Lord, oh, Lord, was macht uns die Liebe trunken! Keine Sekunde zögert Edward II., als er kurz nach dem Tod des Vaters seinen Geliebten Gaveston aus der Verbannung holt. Seine erste Amtshandlung als neuer König — und der Auftakt in Pınar Karabuluts sechsteiliger Mini-Serie, gefilmt auf einem regennassen Parkdeck, irgendwo in Köln. Aus einem dunklen Tesla entsteigt Edward (Alexander Angeletta) mit Strahlendiadem auf dem roséfarbenen Haar und übergibt seinem Hofdiener einen geheimnisvollen Brief. Da ahnt man bereits: Es werden Köpfe rollen.

Bis es soweit ist, geht es in Karabuluts exklusiver »Dramazon Prime«-Produktion aber vor allem um die Liebe, oder besser gesagt: um ihren Versuch. Denn natürlich ist am Hofe niemand erfreut über die Liaison des Königs, nicht seine Ehefrau Isabella (Nicola Gründel) und schon gar nicht die machtgierigen Peers, Angehörige des Hochadels. Der geliebte Gaveston (Justus Maier), wir sehen ihn zaghaft zögern, nutzt die Gelegenheit zum Ausbruch aus der tristen Plattenbauwohnung mitsamt ihren Clark Gabel-Postern, antirassistischen Büchern und Fischstäbchen, direkt aus der Pfanne. Er kehrt zurück an den Hof, zurück ins Hotel Exelsior-Bett von Edward, und irgendwann landet er sogar mit dem Königspaar gemeinsam in der Badewanne.

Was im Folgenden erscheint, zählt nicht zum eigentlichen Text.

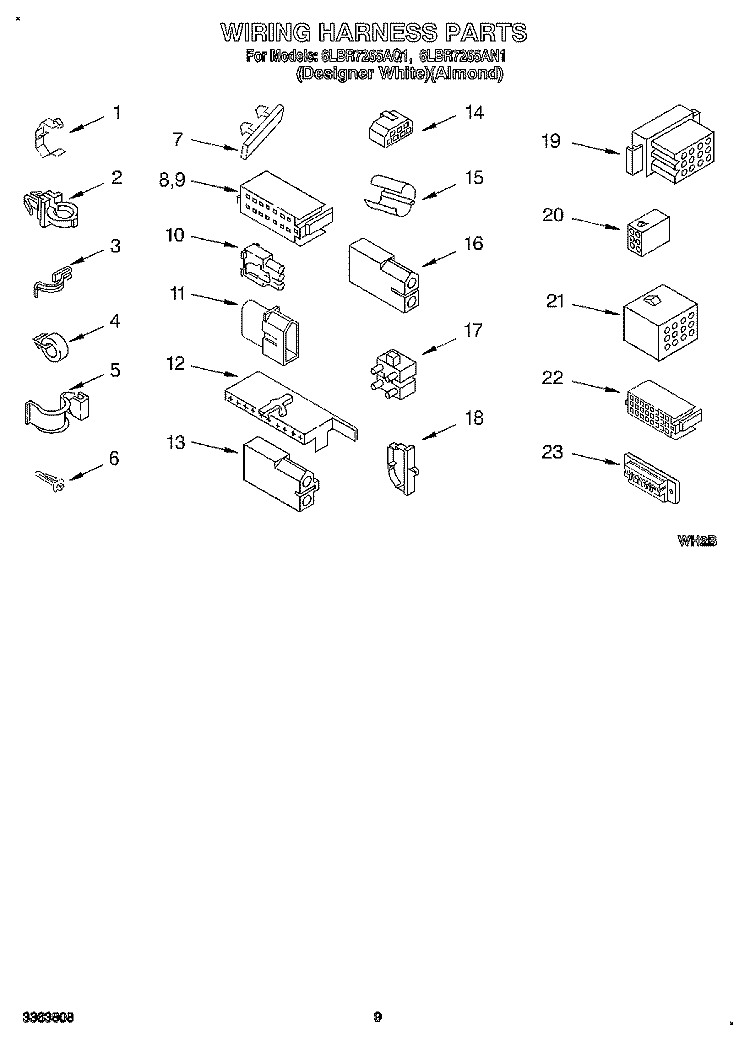 WIRING HARNESS Diagram and Parts List for 6LBR7255AQ1  Whirlpool Washer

Karabulut erzählt die queere Liebesgeschichte, geschrieben von Christopher Marlowe und viel später umgedichtet von dem österreichischen Dramatiker Ewald Palmethofer, auf ihre eigene Weise: Sie zitiert, was der heteronormative Kanon her gibt. »I want you to draw me like your French girls«, flüstert Edward mit blauem Brillant um den Hals, eine Szene, die exakt der zwischen Jack und Rose in »Titanic« nachempfunden ist. Sie zeigt minutenlang eine wahnsinnig ästhetische Sex-Szene zwischen Edward und Gaveston, sie kopiert beim »Paten«, beim Film noir, sogar bei TV-Aufnahmen aus dem britischen Königshaus. Nämlich als sie Edward auf die Frage, ob er und Isabella noch »in love« seien, in Prinz Charles-Manier antworten lässt: »Whatever love means.«

Dabei ist die Königin keineswegs die »desperate housewife«, die nicht blickt, dass ihr Mann homosexuell ist. »Trauer, Schwermut, weil mein König mich zu übersehen pflegt«, sagt sie an einer Stelle, sie will Edward eben einfach auch haben. Doch die Liebe, wie sollte es anders kommen, sie endet auch bei Karabulut im blutigen Desaster — wenn auch sogar das in wunderschöner Sprache vorgetragen.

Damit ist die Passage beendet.